We have our new model with new weights. It’s more than just the linear model, so how do we use gradient descent? We now have 4 weights (w1,w2,b1,b2).

Turns our it’s exactly what we already did. Let’s add the new parameters and change out the linear model with the simple_net we just defined. We end up with a pretty decent accuracy!

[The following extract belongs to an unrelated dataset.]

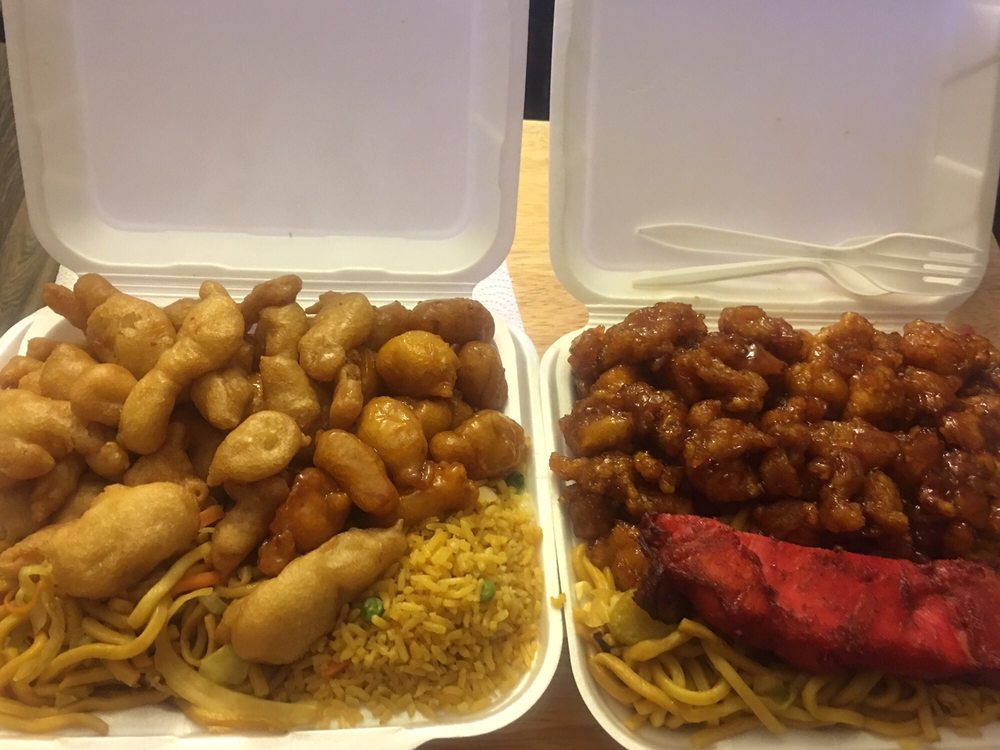 China Express 2725 8th Ave, Fort Worth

w1 = init_params((28*28,30))
b1 = init_params(30)
w2 = init_params((30,1))
b2 = init_params(1)
params = w1,b1,w2,b2
lr = 1

for i in range(20):
    train_epoch(simple_net, lr, params)
    print(f"Epoch {i} accuracy: {validate_epoch(simple_net)}")
Epoch 0 accuracy: 0.5979
Epoch 1 accuracy: 0.7431
Epoch 2 accuracy: 0.8324
Epoch 3 accuracy: 0.8753
Epoch 4 accuracy: 0.9045
Epoch 5 accuracy: 0.9288
Epoch 6 accuracy: 0.9322
Epoch 7 accuracy: 0.9387
Epoch 8 accuracy: 0.9406
Epoch 9 accuracy: 0.941
Epoch 10 accuracy: 0.9436
Epoch 11 accuracy: 0.948
Epoch 12 accuracy: 0.9511
Epoch 13 accuracy: 0.9501
Epoch 14 accuracy: 0.9532
Epoch 15 accuracy: 0.9524
Epoch 16 accuracy: 0.9581
Epoch 17 accuracy: 0.9576
Epoch 18 accuracy: 0.9607
Epoch 19 accuracy: 0.9602

8 Recap of Tensor Shapes

Understanding the shapes of these tensors and how the network works is crucial. Here’s the network we built. You can see how each layer can fit into the next layer.

x.shape,w1.shape,b1.shape,w2.shape,b2.shape
(torch.Size([709, 784]),
 torch.Size([784, 30]),
 torch.Size([30]),
 torch.Size([30, 1]),
 torch.Size([1]))

9 What’s Next?

This is a Neural Network. Now we can do tweaks to enhance performance. I will talk about those in future posts, but here’s a few concepts.

  • Instead of a Linear Layer, A ReLu, then a linear layer - Can we add more layers to have a deeper net?
  • What if we average some of the pixels in our image together before dong matrix multiplication (ie a convolutions)?
  • Can we randomly ignore pixels to prevent overfitting (ie dropout)?

There are many advanced variations of Neural Networks, but the concepts are typically along the lines of above. If you boil them down to what they are really doing - they are pretty simple concepts.